• [Input records]:

=-=-=-=-=

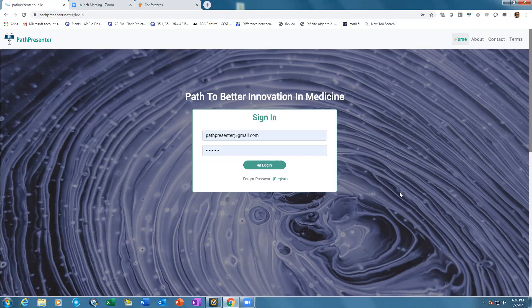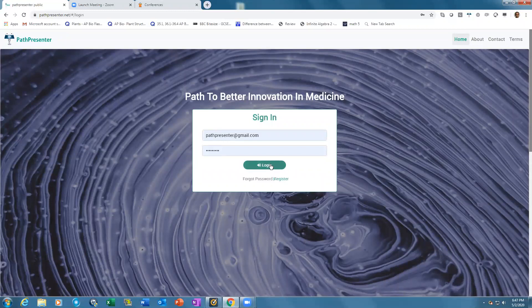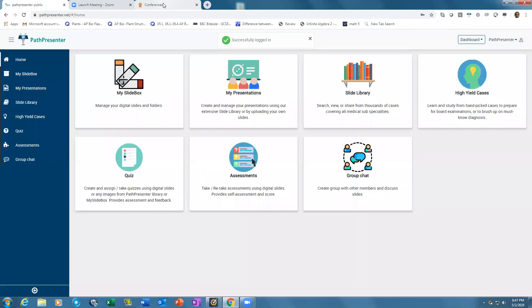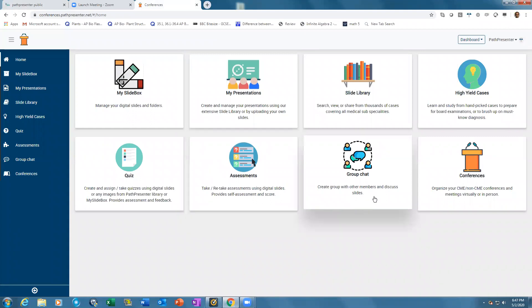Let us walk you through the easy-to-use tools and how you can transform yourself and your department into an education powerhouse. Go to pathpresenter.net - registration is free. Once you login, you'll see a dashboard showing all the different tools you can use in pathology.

=-=-=-=-=

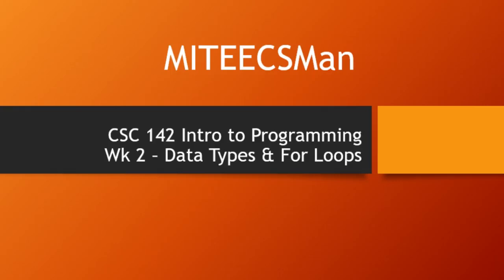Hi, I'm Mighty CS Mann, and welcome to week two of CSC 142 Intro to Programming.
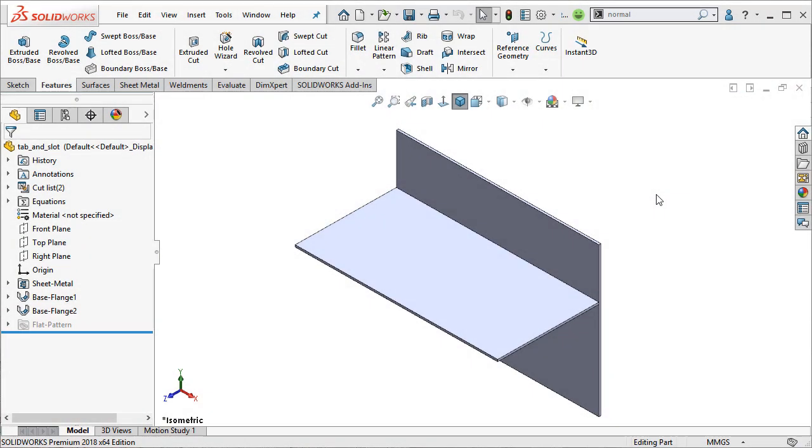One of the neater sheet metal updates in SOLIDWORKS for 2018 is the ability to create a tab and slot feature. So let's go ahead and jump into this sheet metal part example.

=-=-=-=-=

• [Work to complete]: Although the records above contain pictures, the copy must not; set down exactly the lines from the one with "Hi, I'm Mighty" up to and including the one with "One of the neater".

• [Reply]:
Hi, I'm Mighty CS Mann, and welcome to week two of CSC 142 Intro to Programming.
One of the neater sheet metal updates in SOLIDWORKS for 2018 is the ability to create a tab and slot feature. So let's go ahead and jump into this sheet metal part example.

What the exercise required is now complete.